そこは知る人ぞ知る、隠れ家的なアクセサリーショップだった。
「夕月ちゃん、この中だったらどれがいいかな?」
「えと、僕は蝶のモチーフが可愛いと思います。十瑚ちゃんに良く似合ってて」
「ホント?ありがとう!じゃあ、これにするわ」
本来なら学校が終われば、まっすぐ黄昏館に帰るのだが、たまには息抜きも必要だわ!
と、いう十瑚に付き合う形で夕月、九十九も絶賛寄り道中である。
「夕月、ごめんね。十瑚ちゃんの買い物に付き合わせちゃって」
「いいえ、とんでもないです!僕もアクセサリー見るの好きですから」
「夕月ちゃん優しい、大好きっ!」
「わっ、十瑚ちゃん!?」
ガバッと抱きつかれ、頬を染めつつ慌てる夕月を微笑ましく見ながら、九十九は姉にさり気なく釘を刺す。

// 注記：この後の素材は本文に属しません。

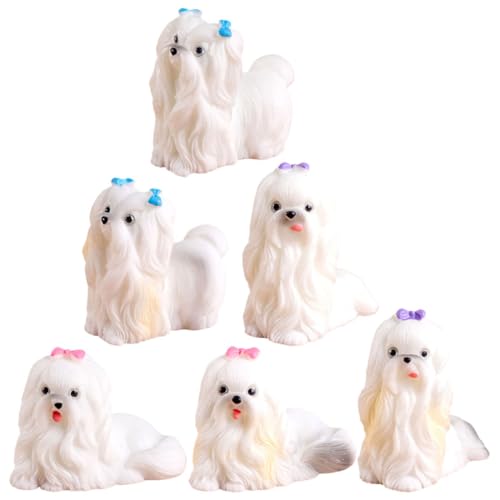 SOPOTUTU 6 Stück Mini Hund Figuren Teiliges Resin Puppy Statue für Mikrolandschaften Niedliche Dekoration für Hundeliebhaber und Kreative Bastelprojekte von SOPOTUTU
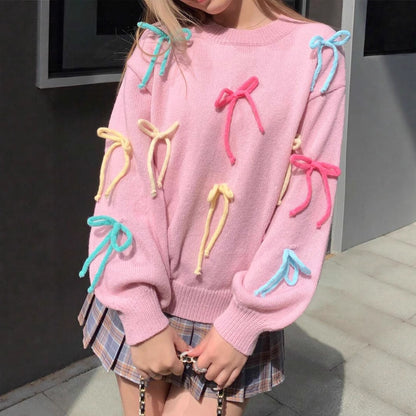 Femme pull en tricot créatif avec des appliqués colorés Chic und Stil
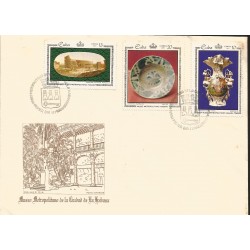 V) 1971 CARIBBEAN, PORCELAIN AND MOSAICS IN THE METROPOLITAN MUSEUM, HAVANA, COLOSSEUM, WITH SLOGAN CANCELATION IN BLACK, FDC
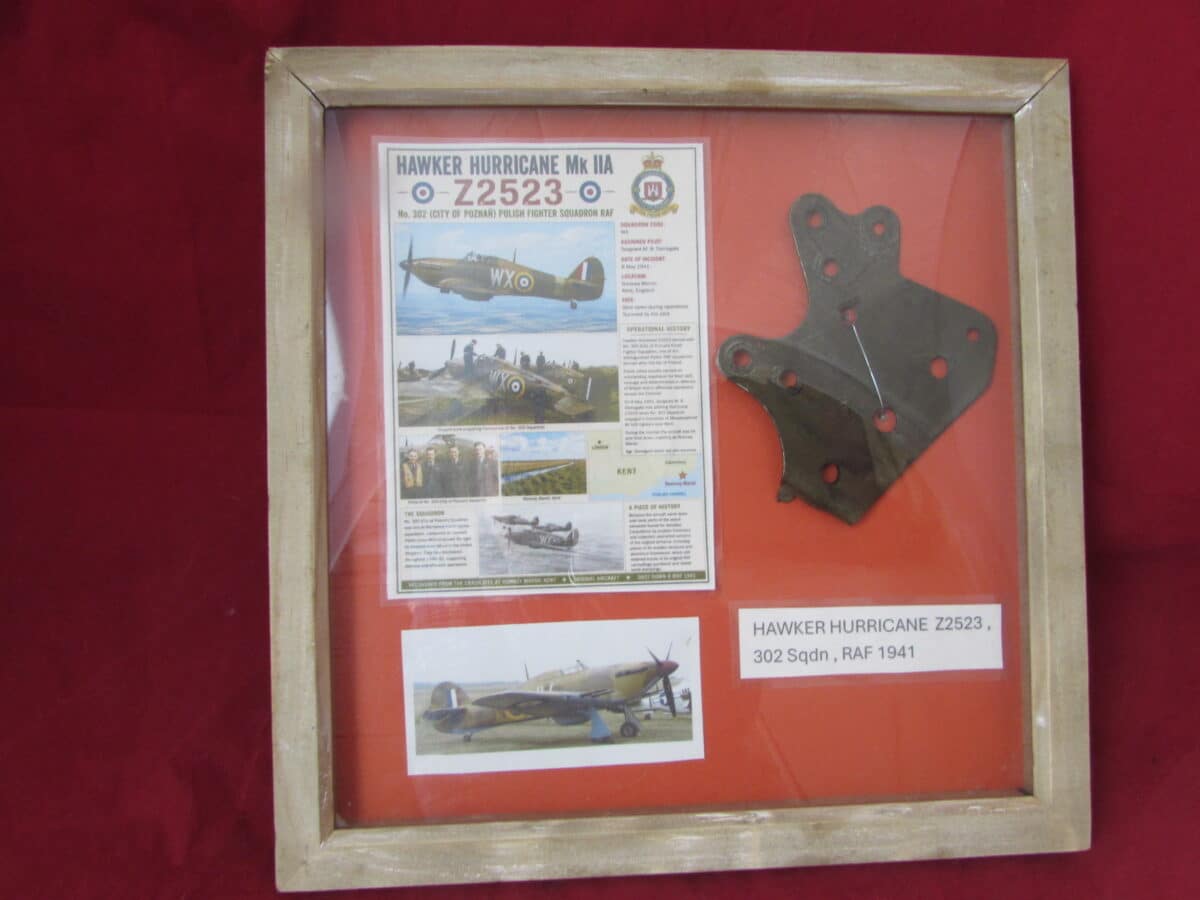 Framed Original Hawker Hurricane Airframe Relic Genuine Airframe Section from Hurricane Mk IIA Z2523 Battle of Britain Era – No. 302 (Polish) Squadron RAF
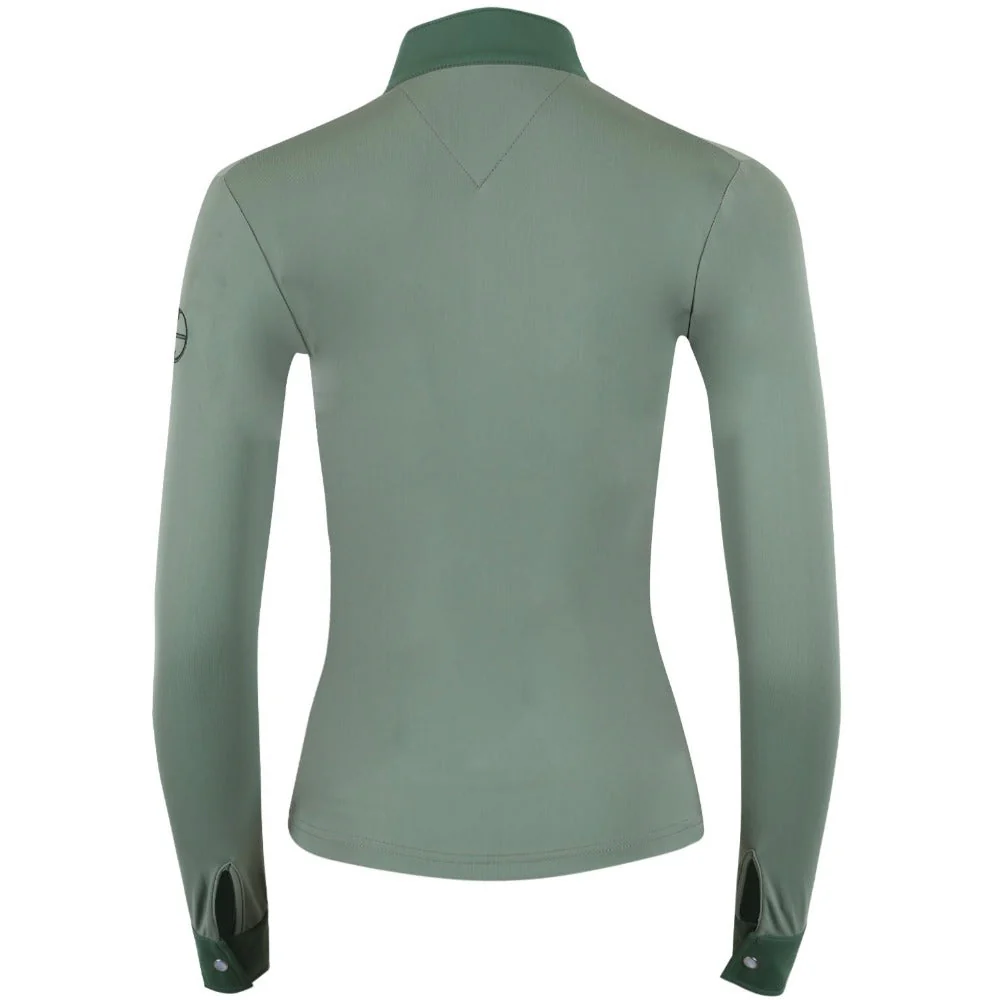 Roxana - Sage & Hunter Green Long Sleeve Riding Shirt - Image 3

「十瑚ちゃん、あんまり遅くなるとルカに怒られちゃうよ」
「うーん、それもそうね。それじゃあ、これ買ってくるわね」
先程、夕月に選んでもらったブローチを持ってレジへ向かう十瑚を見送った後、夕月は近くの棚に品良く飾られていたアクセサリーパーツを興味深そうに眺めていた。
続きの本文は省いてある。